/VANiLLa

A large scale data for answer verbalization for simple natural questions.

Primary LanguagePython

VANiLLa : Verbalized Answers in Natural Language at Large scale

Introduction

In the last years, there have been significant developments in the area of Question Answering over Knowledge Graphs (KGQA). Despite all the notable advancements, current KGQA datasets only provide the answers as the direct output result of the formal query, rather than full sentences incorporating question context. For achieving coherent answers sentence with the question's vocabulary, template-based verbalization so are usually employed for a better representation of answers, which in turn require extensive expert intervention. Thus, making way for machine learning approaches; however, there is a scarcity of datasets that empower machine learning models in this area. Hence, we provide the VANiLLa dataset which aims at reducing this gap by offering answers in natural language sentences. The answer sentences in this dataset are syntactically and semantically closer to the question than to the triple fact. Our dataset consists of over 100k simple questions adapted from the CSQA and SimpleQuestionsWikidata datasets and generated using a semi-automatic framework. We also present results of training our dataset on multiple baseline models adapted from current state-of-the-art Natural Language Generation (NLG) architectures. We believe that this dataset will allow researchers to focus on finding suitable methodologies and architectures for answer verbalization.

Dataset

The dataset is available at: here under Attribution 4.0 International (CC BY 4.0).

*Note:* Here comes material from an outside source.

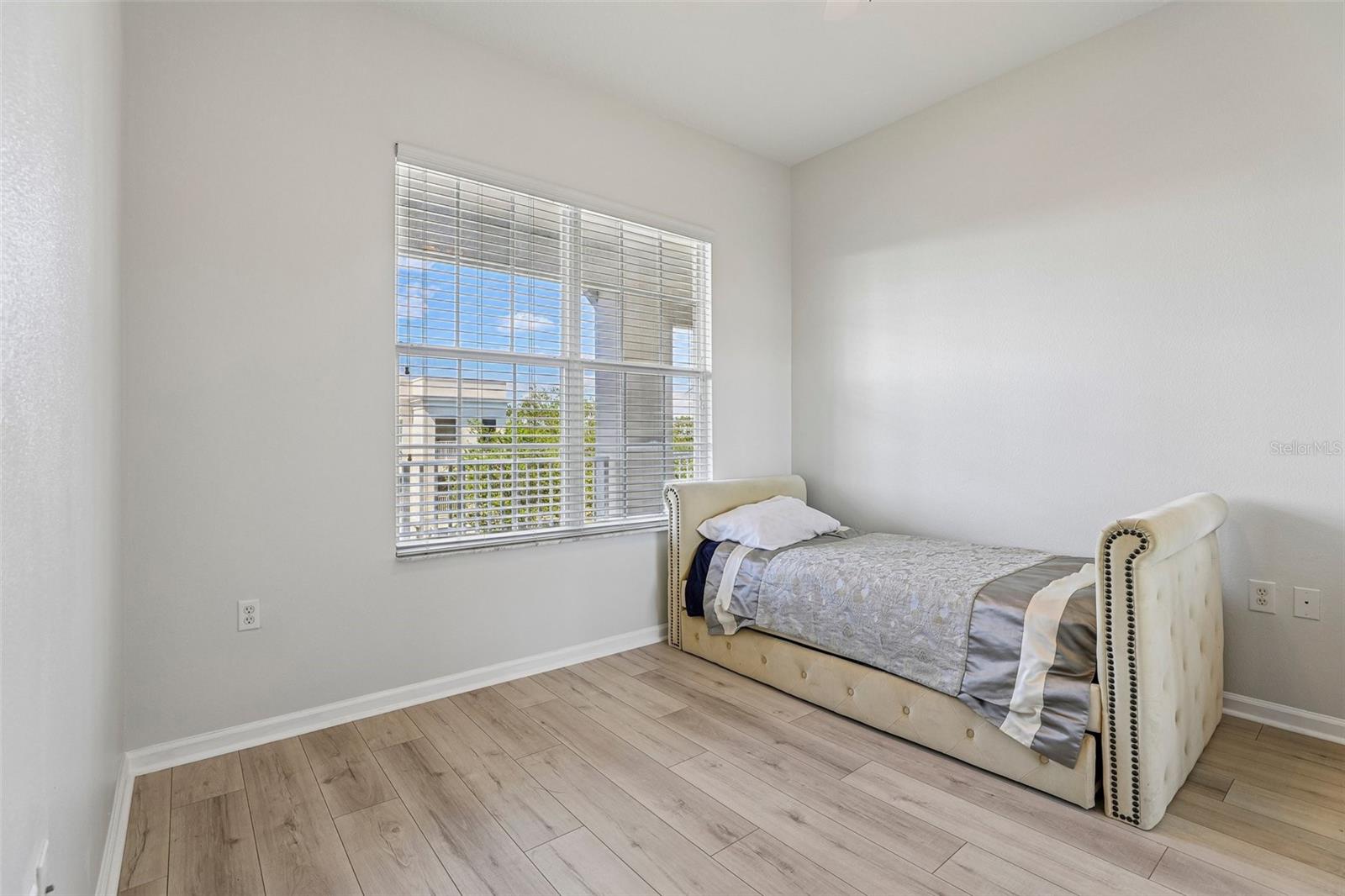 Image 13 of 35 For 2315 Upper Park Road 302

Our dataset contains over 100k examples with a 80% (train) - 20% (test) split. Each instance of the dataset consists of:

{
    "question_id": "an unique identification number for a dataset instance",
    "question": "question",
    "answer": "retrieved answer",
    "answer_sentence": "verbalized answer in natural language"
}

Paper

Please see https://arxiv.org/abs/2105.11407 for details about the dataset.

Experimental Results

Baseline Models

We decided to use some conventional sequence-to-sequence models following the underlying Encoder-Decoder pipeline:

  • Sequence-to-Sequence model with attention mechanism
  • Convolution based Encoder-Decoder model
  • Transformer
Baseline Model PPl Precision BLEU
Seq2Seq with Attention 27.91 19.84 16.66
CNN Enc-Dec 87.67 70.50 15.42
Transformer 12.10 76.00 30.80